6.- El Señor lo tenía todo previsto. Alguien me dijo un día a mí, os lo escribo a vosotros, mis queridos jóvenes lectores, que los hombres somos cerebros con patas. Y con frecuencia acierta la estrambótica definición. A la advertencia varonil, siguió una consoladora intervención femenina. Fue tan importante su función, que el texto la identifica con nombre y apellidos: se trata de Ana, hija de Fanuel, aserita, para más señas. De 84 años de vida, piadosa mujer, de asiduas plegarias y ayunos. La intuición femenina y la imaginación de Dios, la había conducido hasta este lugar y en este momento. Alegró a la Virgen y proclamó a los demás que aquel Niñito era el Esperado. Su gloria, su autoestima personal, se diría hoy, no se la proporcionó ni un oficio, ni el matrimonio. Ella en su ancianidad, fue la escogida para que, en el lugar que entonces era el más sagrado, ejerciera de apóstol de los de su entorno. Dio gracias por su suerte. Desapareció del Templo, no de la memoria de la comunidad jerosolimitana, que se lo relató a Lucas y él nos lo trasmitió.
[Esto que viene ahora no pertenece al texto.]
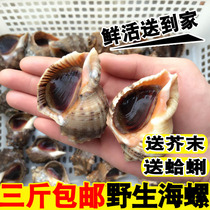 鲜活海螺新鲜大海螺野生小海螺当天海捕海鲜水产鲜活贝类 3斤包邮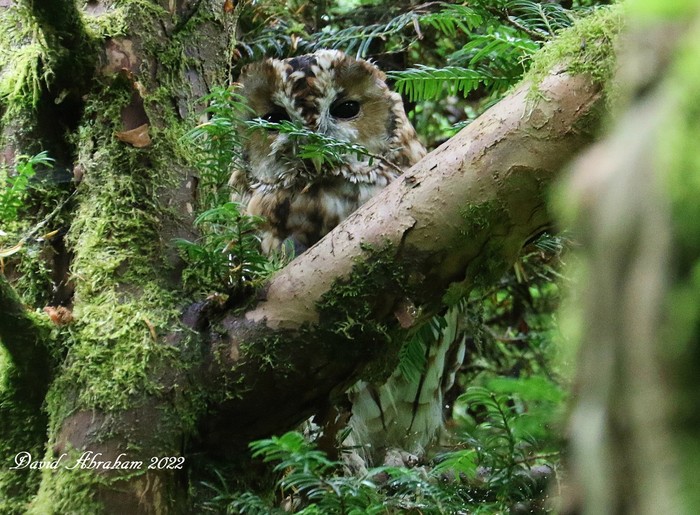Tawny Owl 
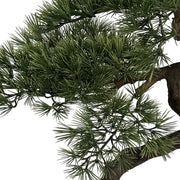 BONSAI mű fenyő bonsai fa élethű tűleveles ágstruktúrájának részlete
7.- Me temo que se equivocan quienes tanto reclaman el presbiterado femenino, olvidando el papel profético que desde el Antiguo Testamento puede desempeñar la mujer y que tanta necesidad tenemos de ellas. Recuerdo a María, hermana de Moisés y a Hula. Me gustaría que vosotras, queridas jóvenes lectoras de estos mensajes-homilía, os preguntaseis si Dios os ha llamado a esta misión. Ya lo veis, Ana a sus 84 años desempeñó esta excelsa vocación y nosotros todavía apreciamos su fidelidad.
Y a todos, que no confiéis o desconfiéis usando solo el criterio de la edad que una persona pueda tener. En el relato de hoy, podréis ver que los dos viejos son los que se atreven a hablar de futuro y lo aciertan ¡cuántos jóvenes de hoy presumen de modernos y se lo cargan todo, para con facilidad desertar poco después!